Sea chart showing the Channel Islands, surveyed in or before 1631

Channel Islands section

This is contained in 'Part II: The Second Book of the Western Navigation', pp 20-21. The text is brief, and the islands are shown on map 29.

Map 29

Inserted between pages 22 and 23, the printed area measures 21 by 15 inches. This is one of the well-used maps, and has been repaired by backing the sheet and taping the margins. Unfortunately, the tape covers the map number (bottom right-hand corner) and clips both Alderney and the Casquets. However, nothing of substance appears to have been lost.

The map is drawn inverted, so that north is towards the lower edge. The primary cartouche carries the title De Custe van Normandie van Diepe tot Porterieus. The secondary title panel, set hard against the right-hand margin, reads Les Costes Marines de Normandie et Britaigne entre Tresport et Heyssant.

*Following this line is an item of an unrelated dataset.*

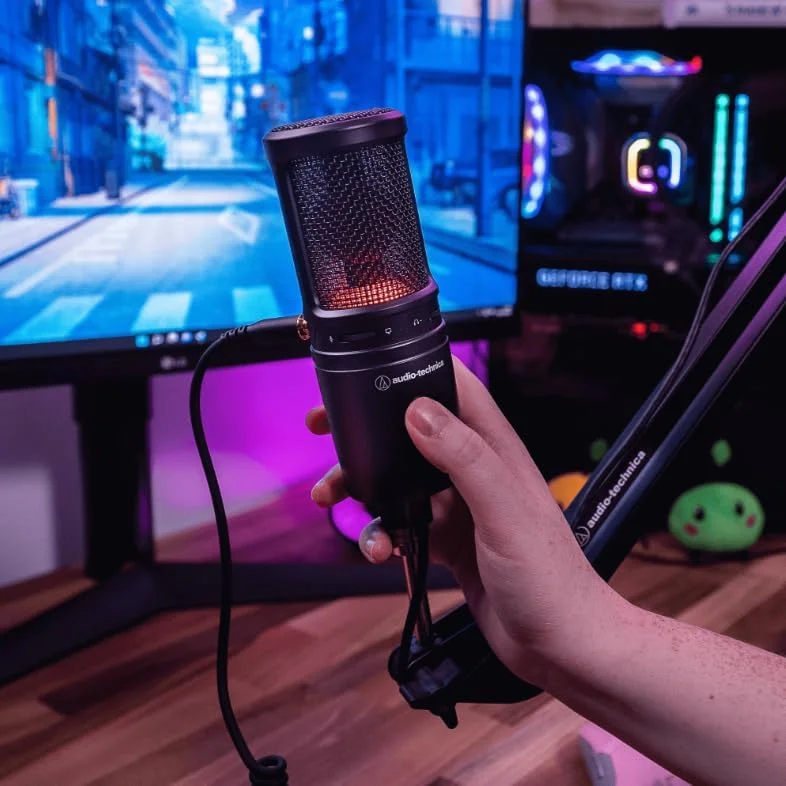 میکروفون USB کاندنسر کاردیوئید Audio-Technica AT2020USB-X به همراه بازوی میکروفون + فیلتر پاپ گیر باد + پارچه تمیز کننده (4 قلم) میکروفون USB کاندنسر کاردیوئید Audio-Technica AT2020USB-X به همراه بازوی میکروفون + فیلتر پاپ گیر باد + پارچه تمیز کننده (4 قلم)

The Channel Islands and adjacent coasts of France are shown on the right-hand half of the map . Working from north to south, the following Channel Islands and coastal features are recorded by name:

  • C de la Hagu (Cap de La Hague)
  • R is van Blanceertt oste Ornay (Alderney Race)
  • Ornay (Alderney)
  • Casquettes oste Kiscassen (Casquets)
  • Barothes (Burhou)
  • Garnzey, Carnxce (Guernsey)
  • C de Cruse (La Creux Mahie?)
  • Slot (= St Peter Port harbour)
  • Arem (Herm)
  • Arck (probably Jethou)
  • Sarck (Sark)
  • Rotkeduve (Les Roches Douvres)
  • C. de Vorha (Cap de Carteret)
  • Piere leck / Pater uosters (Les Pierres de Lecq or Paternosters)
  • Buf (Les Dirouilles)
  • Iarzee (Jersey)
  • S Hilarius (St Helier)
  • Trinite (Trinity)
  • Caterina (St Catherine)
  • Ekerou (Les Ecrehous)
  • Bufkin (La Chaussee des Boeufs)
  • Mortesum (rocks near Regneville)
  • Menke (Les Minquiers)
  • De Sausee (Chausey)
  • Granville (Granville)
  • Mont de S Michiel (Mont St-Michel)

Further towns, local topographical features and small islands are noted along the Breton coast.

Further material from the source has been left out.